BEGIN DATA IN THIS EXERCISE

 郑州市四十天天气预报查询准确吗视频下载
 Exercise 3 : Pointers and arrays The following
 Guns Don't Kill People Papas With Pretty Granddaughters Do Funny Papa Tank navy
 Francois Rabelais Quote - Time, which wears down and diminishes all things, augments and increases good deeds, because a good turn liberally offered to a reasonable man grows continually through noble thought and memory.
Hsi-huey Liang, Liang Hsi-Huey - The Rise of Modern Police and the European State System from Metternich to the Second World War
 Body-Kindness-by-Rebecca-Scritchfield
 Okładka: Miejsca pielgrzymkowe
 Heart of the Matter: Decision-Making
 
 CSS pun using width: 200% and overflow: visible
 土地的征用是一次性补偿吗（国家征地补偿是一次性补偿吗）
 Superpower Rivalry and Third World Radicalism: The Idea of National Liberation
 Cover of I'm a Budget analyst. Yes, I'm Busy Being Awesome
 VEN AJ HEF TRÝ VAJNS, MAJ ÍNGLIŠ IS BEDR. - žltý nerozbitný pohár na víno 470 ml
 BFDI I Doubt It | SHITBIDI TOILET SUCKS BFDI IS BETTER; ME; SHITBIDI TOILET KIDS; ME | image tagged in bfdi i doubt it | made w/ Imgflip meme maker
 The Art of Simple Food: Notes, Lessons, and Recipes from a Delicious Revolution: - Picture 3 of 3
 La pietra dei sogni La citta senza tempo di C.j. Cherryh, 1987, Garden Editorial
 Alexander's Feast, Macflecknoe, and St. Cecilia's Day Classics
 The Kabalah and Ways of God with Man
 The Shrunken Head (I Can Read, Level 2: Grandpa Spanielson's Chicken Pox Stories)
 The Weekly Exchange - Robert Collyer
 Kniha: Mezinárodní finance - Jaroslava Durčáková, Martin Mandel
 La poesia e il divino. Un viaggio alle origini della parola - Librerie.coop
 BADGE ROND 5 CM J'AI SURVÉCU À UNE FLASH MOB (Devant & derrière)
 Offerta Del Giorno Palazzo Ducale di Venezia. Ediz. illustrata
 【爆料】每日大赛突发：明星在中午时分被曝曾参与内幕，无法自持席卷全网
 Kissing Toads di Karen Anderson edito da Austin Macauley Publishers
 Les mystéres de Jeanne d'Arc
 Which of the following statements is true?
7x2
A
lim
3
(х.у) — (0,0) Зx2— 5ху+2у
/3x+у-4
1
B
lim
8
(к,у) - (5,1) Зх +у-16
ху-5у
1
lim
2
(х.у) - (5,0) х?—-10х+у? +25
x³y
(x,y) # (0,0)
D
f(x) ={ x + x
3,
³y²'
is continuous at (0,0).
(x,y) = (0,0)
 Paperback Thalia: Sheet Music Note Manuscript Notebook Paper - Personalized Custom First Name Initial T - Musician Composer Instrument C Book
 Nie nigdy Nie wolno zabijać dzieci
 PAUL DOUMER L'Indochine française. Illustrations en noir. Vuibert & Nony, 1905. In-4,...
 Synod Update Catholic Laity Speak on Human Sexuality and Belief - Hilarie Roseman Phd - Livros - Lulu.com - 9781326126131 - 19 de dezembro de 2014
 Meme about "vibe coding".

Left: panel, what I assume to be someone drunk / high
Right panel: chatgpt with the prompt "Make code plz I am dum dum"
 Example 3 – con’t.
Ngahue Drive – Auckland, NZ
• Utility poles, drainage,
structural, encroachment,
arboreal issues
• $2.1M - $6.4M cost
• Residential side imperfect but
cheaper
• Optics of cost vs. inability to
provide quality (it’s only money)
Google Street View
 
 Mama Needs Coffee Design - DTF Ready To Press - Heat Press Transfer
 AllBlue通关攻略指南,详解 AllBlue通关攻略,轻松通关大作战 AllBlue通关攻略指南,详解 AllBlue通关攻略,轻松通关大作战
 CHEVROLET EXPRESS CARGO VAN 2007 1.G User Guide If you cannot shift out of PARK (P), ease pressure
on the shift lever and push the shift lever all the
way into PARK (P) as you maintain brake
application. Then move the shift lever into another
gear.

END DATA IN THIS EXERCISE

WHAT YOU HAVE TO DO
A complete, exact transcription of the data above is required.

SOLUTION TO THE PROBLEM
 郑州市四十天天气预报查询准确吗视频下载
 Exercise 3 : Pointers and arrays The following
 Guns Don't Kill People Papas With Pretty Granddaughters Do Funny Papa Tank navy
 Francois Rabelais Quote - Time, which wears down and diminishes all things, augments and increases good deeds, because a good turn liberally offered to a reasonable man grows continually through noble thought and memory.
Hsi-huey Liang, Liang Hsi-Huey - The Rise of Modern Police and the European State System from Metternich to the Second World War
 Body-Kindness-by-Rebecca-Scritchfield
 Okładka: Miejsca pielgrzymkowe
 Heart of the Matter: Decision-Making
 
 CSS pun using width: 200% and overflow: visible
 土地的征用是一次性补偿吗（国家征地补偿是一次性补偿吗）
 Superpower Rivalry and Third World Radicalism: The Idea of National Liberation
 Cover of I'm a Budget analyst. Yes, I'm Busy Being Awesome
 VEN AJ HEF TRÝ VAJNS, MAJ ÍNGLIŠ IS BEDR. - žltý nerozbitný pohár na víno 470 ml
 BFDI I Doubt It | SHITBIDI TOILET SUCKS BFDI IS BETTER; ME; SHITBIDI TOILET KIDS; ME | image tagged in bfdi i doubt it | made w/ Imgflip meme maker
 The Art of Simple Food: Notes, Lessons, and Recipes from a Delicious Revolution: - Picture 3 of 3
 La pietra dei sogni La citta senza tempo di C.j. Cherryh, 1987, Garden Editorial
 Alexander's Feast, Macflecknoe, and St. Cecilia's Day Classics
 The Kabalah and Ways of God with Man
 The Shrunken Head (I Can Read, Level 2: Grandpa Spanielson's Chicken Pox Stories)
 The Weekly Exchange - Robert Collyer
 Kniha: Mezinárodní finance - Jaroslava Durčáková, Martin Mandel
 La poesia e il divino. Un viaggio alle origini della parola - Librerie.coop
 BADGE ROND 5 CM J'AI SURVÉCU À UNE FLASH MOB (Devant & derrière)
 Offerta Del Giorno Palazzo Ducale di Venezia. Ediz. illustrata
 【爆料】每日大赛突发：明星在中午时分被曝曾参与内幕，无法自持席卷全网
 Kissing Toads di Karen Anderson edito da Austin Macauley Publishers
 Les mystéres de Jeanne d'Arc
 Which of the following statements is true?
7x2
A
lim
3
(х.у) — (0,0) Зx2— 5ху+2у
/3x+у-4
1
B
lim
8
(к,у) - (5,1) Зх +у-16
ху-5у
1
lim
2
(х.у) - (5,0) х?—-10х+у? +25
x³y
(x,y) # (0,0)
D
f(x) ={ x + x
3,
³y²'
is continuous at (0,0).
(x,y) = (0,0)
 Paperback Thalia: Sheet Music Note Manuscript Notebook Paper - Personalized Custom First Name Initial T - Musician Composer Instrument C Book
 Nie nigdy Nie wolno zabijać dzieci
 PAUL DOUMER L'Indochine française. Illustrations en noir. Vuibert & Nony, 1905. In-4,...
 Synod Update Catholic Laity Speak on Human Sexuality and Belief - Hilarie Roseman Phd - Livros - Lulu.com - 9781326126131 - 19 de dezembro de 2014
 Meme about "vibe coding".

Left: panel, what I assume to be someone drunk / high
Right panel: chatgpt with the prompt "Make code plz I am dum dum"
 Example 3 – con’t.
Ngahue Drive – Auckland, NZ
• Utility poles, drainage,
structural, encroachment,
arboreal issues
• $2.1M - $6.4M cost
• Residential side imperfect but
cheaper
• Optics of cost vs. inability to
provide quality (it’s only money)
Google Street View
 
 Mama Needs Coffee Design - DTF Ready To Press - Heat Press Transfer
 AllBlue通关攻略指南,详解 AllBlue通关攻略,轻松通关大作战 AllBlue通关攻略指南,详解 AllBlue通关攻略,轻松通关大作战
 CHEVROLET EXPRESS CARGO VAN 2007 1.G User Guide If you cannot shift out of PARK (P), ease pressure
on the shift lever and push the shift lever all the
way into PARK (P) as you maintain brake
application. Then move the shift lever into another
gear.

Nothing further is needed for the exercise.